— Exercise objective —
Nothing but the lines below from the one with "柚子影视下载适合哪些用户深度解析：完整指南（完整指南），柚子影视1.3.0.3" through the one with "The Ethics of" should be output, each exactly as given, and no pictures.

— Input data —
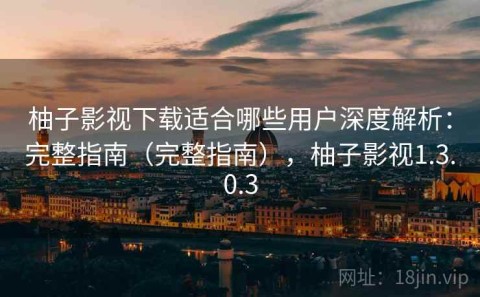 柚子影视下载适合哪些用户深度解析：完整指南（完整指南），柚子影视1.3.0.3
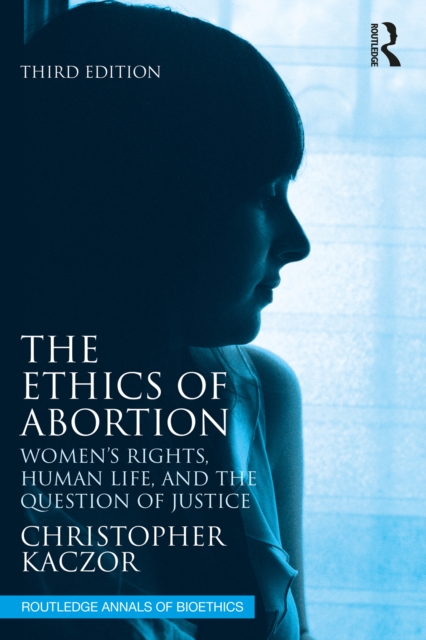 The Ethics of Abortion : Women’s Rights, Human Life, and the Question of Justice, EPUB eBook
--
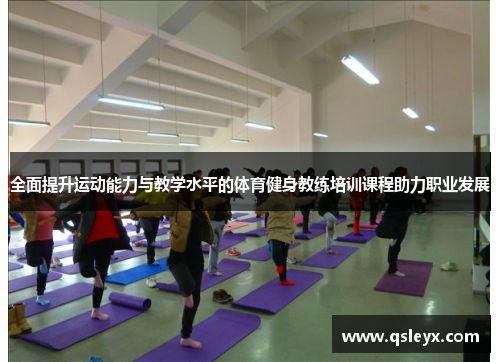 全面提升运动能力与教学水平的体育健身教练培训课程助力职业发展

— Reply —
 柚子影视下载适合哪些用户深度解析：完整指南（完整指南），柚子影视1.3.0.3
 The Ethics of Abortion : Women’s Rights, Human Life, and the Question of Justice, EPUB eBook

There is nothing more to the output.